Select Committee on Defence Minutes of Evidence


Supplementary memorandum from the Department of Health (7 May 2002)

A copy of the letter sent to Civil Contingencies Secretariat by Dr Bruce Court, DOH Head of Emergency Planning Co-ordination Unit

  I am writing to you in response to the above discussion document on behalf of Dr Pat Troop who has responsibility for emergency planning as Deputy Chief Medical Officer.

  The document adopts a fairly "broad-brush" approach and particularly addresses the matter of organisational relationships. This is very important as the effectiveness of the emergency response is determined by the clarity and strength of relationships at all levels from local, through to regional and national.

  The duty to share in partnership is an excellent notion but one that only has credence as organisations actualise this. This means the venturing of trust and on occasions, finance to achieve mutually agreed emergency planning goals. Mechanisms need to be sought that are conducive to the growth of partnership and this is most likely to occur in locations where there is a strong history of collaboration between local authorities, health and the voluntary sector. The events of the 11 September are likely to have reinforced the public's expectation for "a proactive, speedy and caring response in emergencies, irrespective of legal obligations and potential costs".
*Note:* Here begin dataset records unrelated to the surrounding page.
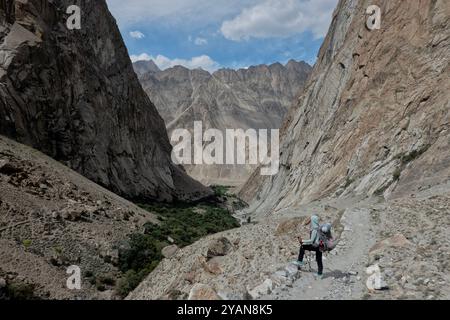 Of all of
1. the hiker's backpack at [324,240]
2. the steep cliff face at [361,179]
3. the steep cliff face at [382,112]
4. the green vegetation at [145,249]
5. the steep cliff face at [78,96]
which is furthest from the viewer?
the steep cliff face at [78,96]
  There is certainly a need to reduce unacceptable variation in the emergency planning function and this directly related to being prepared to have a clear framework for the development of multi-agency plans and greater consistency of work.

  Leadership requirements alter according to the specific nature of the incident that is being dealt with eg an outbreak of communicable disease due to a deliberate or accidental situation requires experienced public health professional leadership.

  The DH document "Shifting the Balance of Power within the NHS—Securing Delivery" sets out organisational changes that are designed to support a bigger and longer term change in culture and ways of working. This is referred to in the Government's Response to the House of Commons Select Committee on Health's Second Report on Public Health. The formation of strong regional public health groups, co-located in the nine Government Offices of the Regions will have important functions in ensuring protection of health across each region including emergency and disaster planning and management. The Emergency Planning Co-ordination Unit has related to Health Emergency Planning Advisors in the regions and will continue to build appropriate national and international networks having been recently absorbed into the Public Health Group (PH5) of the Department of Health.

  The terrorist attacks in the USA cause us to think beyond our established organisational boundaries and to seek solutions that minimise duplication and maximise efficient and effective emergency preparedness, mitigation, response and recovery.